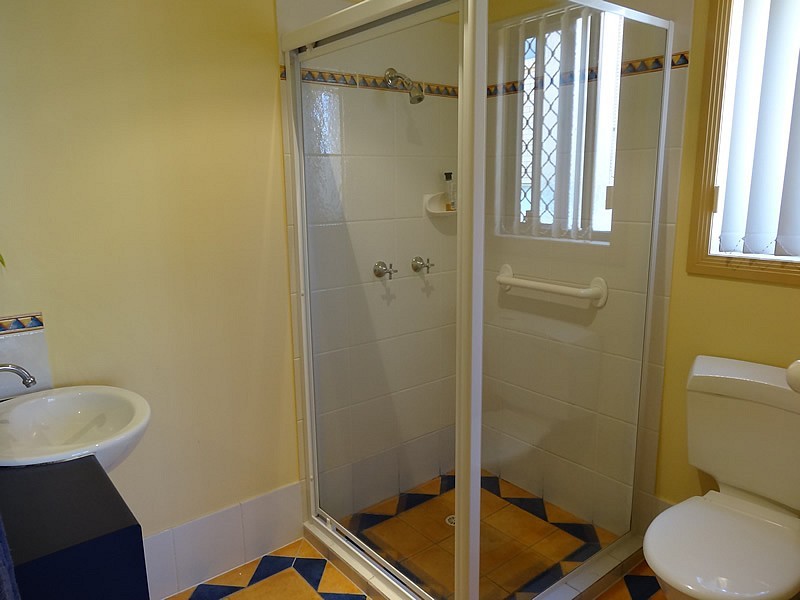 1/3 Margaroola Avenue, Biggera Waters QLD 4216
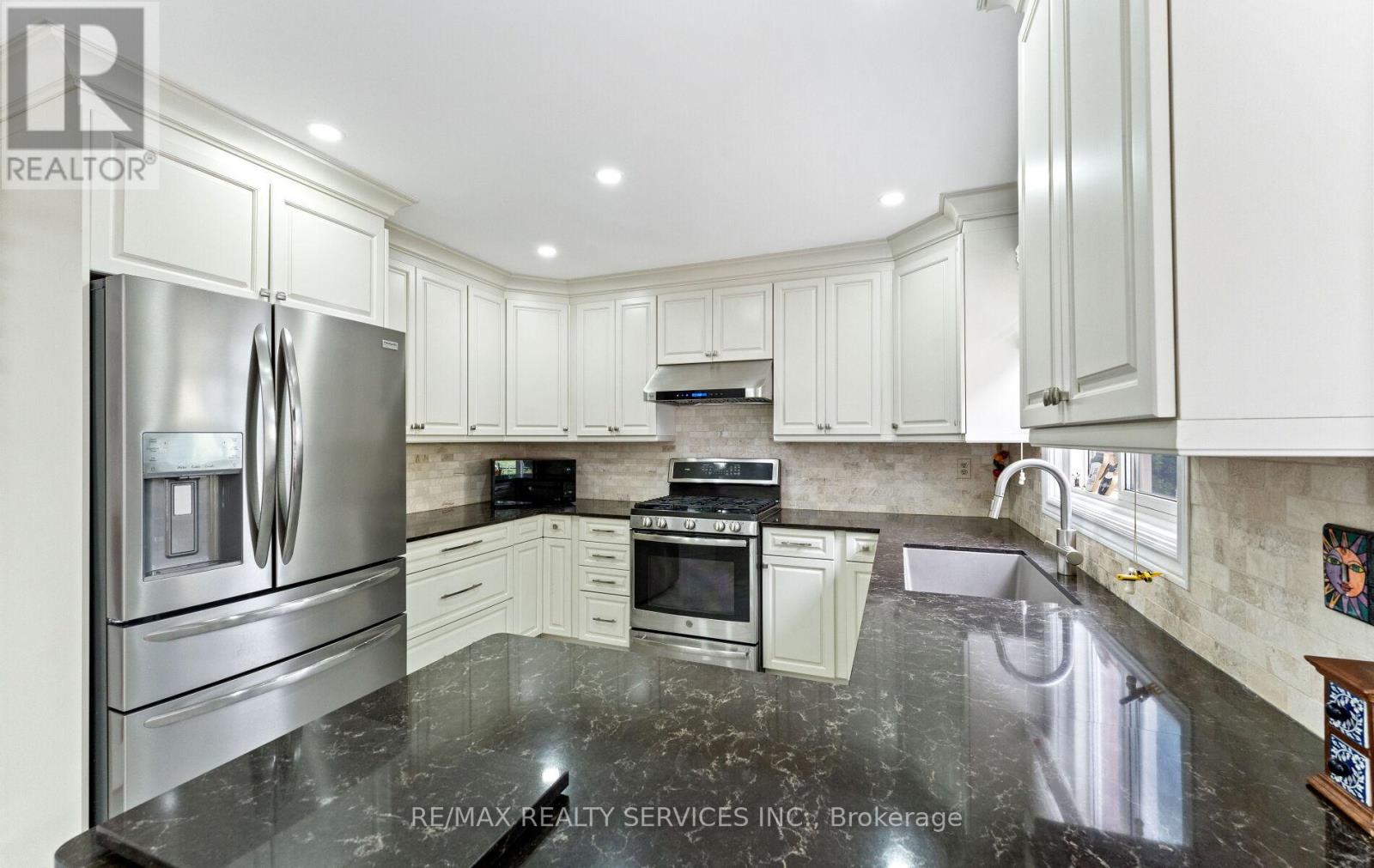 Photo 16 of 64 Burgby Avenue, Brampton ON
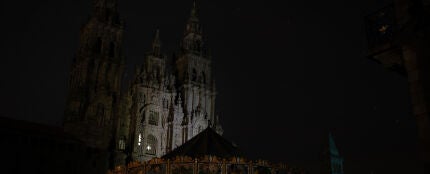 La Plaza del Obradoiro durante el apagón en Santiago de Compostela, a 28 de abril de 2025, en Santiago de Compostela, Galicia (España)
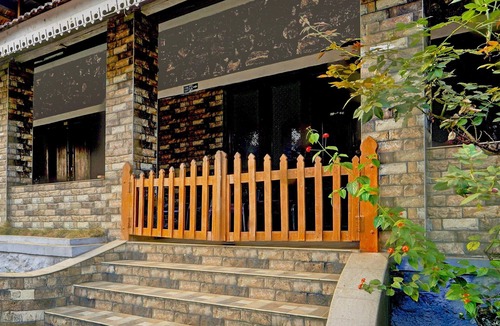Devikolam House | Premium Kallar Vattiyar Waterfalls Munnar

==

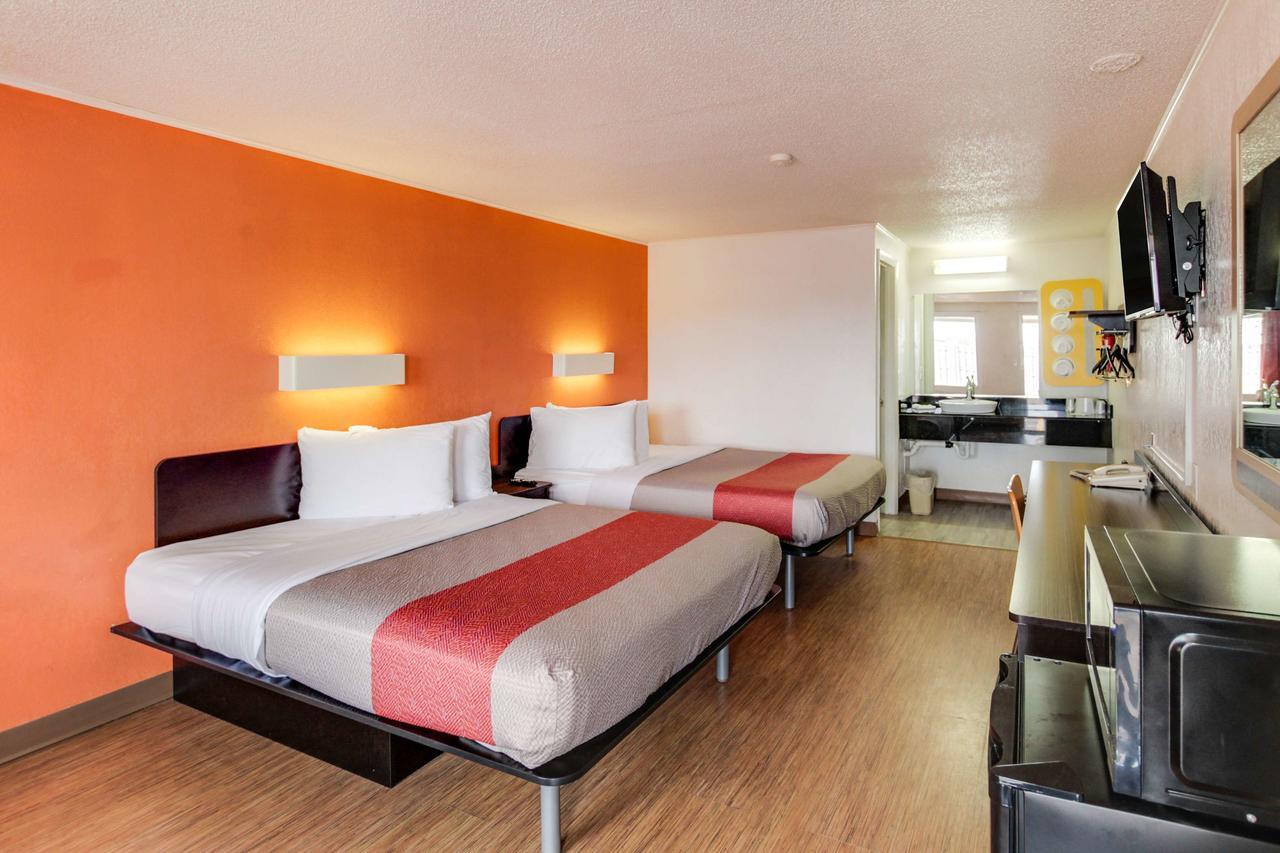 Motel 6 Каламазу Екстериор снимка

==

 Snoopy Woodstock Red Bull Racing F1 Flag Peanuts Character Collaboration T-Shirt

GOAL OF THE EXERCISE: Lines wanted from the entries above: the one with "1/3 Margaroola Avenue, Biggera", the one with "Devikolam House |", and all lines between. Please copy them exactly, without the pictures and without anything else.

ANSWER BOX:
 1/3 Margaroola Avenue, Biggera Waters QLD 4216
 Photo 16 of 64 Burgby Avenue, Brampton ON
 La Plaza del Obradoiro durante el apagón en Santiago de Compostela, a 28 de abril de 2025, en Santiago de Compostela, Galicia (España)
Devikolam House | Premium Kallar Vattiyar Waterfalls Munnar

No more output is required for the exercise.